В пределы духа звать вас? А духи духовны?
Какими же ушами услышали вы шорох и жюжжянье жизни? А Шершеневича?
Задумывались ли однажды над Маяковскою мольбою – "Причешите мне уши?" Что это, поза? Крик в крови! На каждый новый голос уши свежие нужны, и сколько их у слышащего – шевелюра!

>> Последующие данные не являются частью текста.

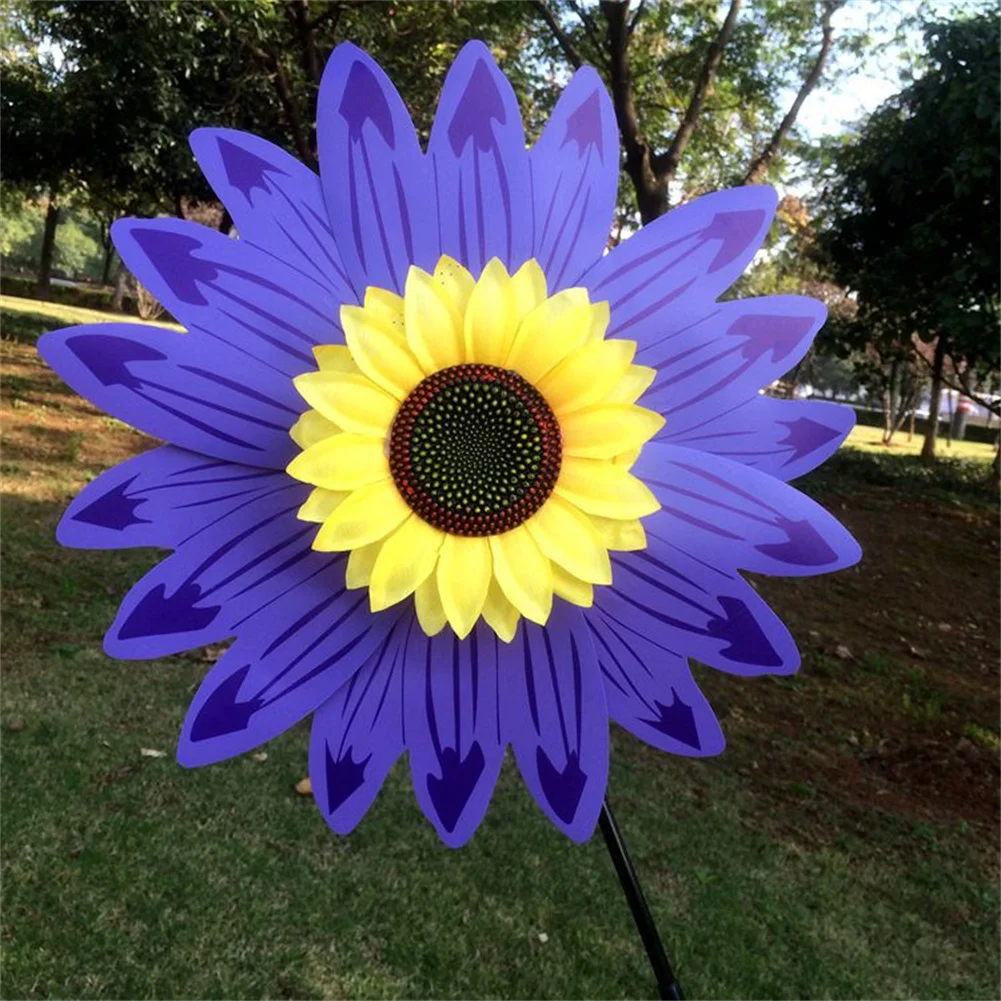 1x Sunflower Windmill Rotating Sunflower Wind Spinner With Stake Standing Lawn Flower Pinwheel Outdoor Party Garden Decor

Этот экзерсис понадобился здесь для проверки слуха читателей, приглашенных мною к разговору о стихах Надежды Краинской. Если, вспоминая Игоря Терентьева, я звал вас "вслушаться ступалистыми ушками басмырей", то сейчас нам понадобится нечто совсем иное – "ушко девическое в завиточках-волосках", ныне встречающееся в чистом виде не чаще, чем equuz przewalskii.
Маленькие самоделковые тетрадочки, "домотканые книжки" (Индивидуальное малотиражное издательство "Poluton") мгновенно очаровывают усталый взор любителя прекрасного, вызывая ностальгические воспоминания о девичьих альбомчиках, коими он зачитывался втайне еще на школьной скамье. Он умиленно перебирает их, повторяю вслух названия: "Не снимая шляпки", "Три звезды", "Из затонувшего ридикюля", "Арпеджированная вертикаль". Открывая их одну за другой, он находит давно утерянное "крепкими профи" единство судьбы и стиля, на каковое смел лишь робко надеяться, с замиранием сердца раскрывая обложку.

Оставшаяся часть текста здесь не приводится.